THE LONDON TIMES: An exercise in futility at Shell: “Asked whether training some 3,000 engineers in the niceties of SEC reporting had hindered Shell’s exploration efforts last year, Malcolm Brinded, head of exploration, demurred. However, at the same time his boss, the chairman Jeroen van der Veer, appeared to smile and nod.” (ShellNews.net) Posted 5 Feb 05
By Carl Mortished
ONE thousand Shell geophysicists and petroleum engineers worked on the oil company’s comprehensive review of its reserves during the past year.
The massive exercise, which tested decline rates in thousands of wells around the world, is designed to produce a figure that the oil company can deliver to the US Securities and Exchange Commission without fear of quibble. Sadly, it was a fruitless exercise. Asked whether training some 3,000 engineers in the niceties of SEC reporting had hindered Shell’s exploration efforts last year, Malcolm Brinded, head of exploration, demurred.

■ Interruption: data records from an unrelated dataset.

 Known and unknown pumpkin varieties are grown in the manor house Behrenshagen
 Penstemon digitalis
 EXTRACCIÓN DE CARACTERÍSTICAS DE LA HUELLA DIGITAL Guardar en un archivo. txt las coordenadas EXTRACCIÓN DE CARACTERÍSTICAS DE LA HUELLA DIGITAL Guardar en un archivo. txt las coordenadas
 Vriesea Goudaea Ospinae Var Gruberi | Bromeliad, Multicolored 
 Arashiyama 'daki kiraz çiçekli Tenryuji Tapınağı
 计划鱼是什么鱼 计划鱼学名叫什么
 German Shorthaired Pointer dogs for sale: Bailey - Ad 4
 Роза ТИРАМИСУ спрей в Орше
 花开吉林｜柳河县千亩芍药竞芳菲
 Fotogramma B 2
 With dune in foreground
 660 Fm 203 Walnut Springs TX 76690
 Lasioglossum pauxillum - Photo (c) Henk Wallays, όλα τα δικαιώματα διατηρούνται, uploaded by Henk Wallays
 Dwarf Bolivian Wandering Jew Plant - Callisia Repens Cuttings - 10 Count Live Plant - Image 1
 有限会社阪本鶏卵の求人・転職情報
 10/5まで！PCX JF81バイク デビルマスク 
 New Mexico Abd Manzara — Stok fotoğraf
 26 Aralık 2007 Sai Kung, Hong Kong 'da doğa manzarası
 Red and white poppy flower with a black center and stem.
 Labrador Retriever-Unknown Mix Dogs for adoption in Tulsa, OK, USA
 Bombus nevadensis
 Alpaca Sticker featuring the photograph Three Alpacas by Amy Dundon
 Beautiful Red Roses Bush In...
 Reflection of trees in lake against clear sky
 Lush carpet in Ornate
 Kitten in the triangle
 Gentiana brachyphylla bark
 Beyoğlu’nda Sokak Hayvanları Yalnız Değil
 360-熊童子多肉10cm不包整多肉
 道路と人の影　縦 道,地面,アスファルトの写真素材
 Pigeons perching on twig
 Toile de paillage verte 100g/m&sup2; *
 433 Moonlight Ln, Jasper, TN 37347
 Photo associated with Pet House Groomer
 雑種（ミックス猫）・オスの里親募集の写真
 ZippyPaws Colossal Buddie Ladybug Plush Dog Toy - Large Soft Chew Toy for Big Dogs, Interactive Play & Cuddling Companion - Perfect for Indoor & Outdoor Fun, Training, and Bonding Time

However, at the same time his boss, the chairman Jeroen van der Veer, appeared to smile and nod.
Shell’s business is investing in oil production, not conducting audits, and Mr Brinded confidently talks about 60 billion barrels’ worth of potential projects, compared with the 12.9 billion barrels he is prepared to put his signature to in the SEC filing. The difference in the two figures is mainly about nearness to production but the latest 1.4 billion barrel downgrade is highly technical. Must an oil company use straight-line extrapolations when plotting an oilfield’s future decline or can it use simulations based on historical data from analagous oilfields? The SEC does not like simulations but oil companies rely on them to make investment decisions, knowing that decline rates tend to flatten as oilfields mature.
While Shell retrains staff in arcane SEC procedures, it needs to run its business and, urgently, to find more oil. After a year in which it replaced as little as a fifth of production, Shell is boosting spending from $13.5 billion to $15 billion. Mr Brinded’s team was successful in five of the 15 “big cat” opportunities he spoke of last year, an acceptable one in three, but the quantities of oil and gas were, he admits, a little disappointing.
Anecdotal evidence suggests Shell is not alone in struggling to find new sources of oil. Mr Van der Veer said: “If you expect that the world should be supplied from traditional, on-shore, near-to-the-market oil and gas, then there are not sufficient supplies.” Shell reckons that oil sands and gas-to-liquids technology will fill the gap. But if others in the industry are better placed it is because they bought reserves when oil was cheap — BP’s relative abundance has as much to do with writing cheques as with drilling wells. Shell’s strategic blunder could prove to be much more costly than its quarrel with regulators in Washington.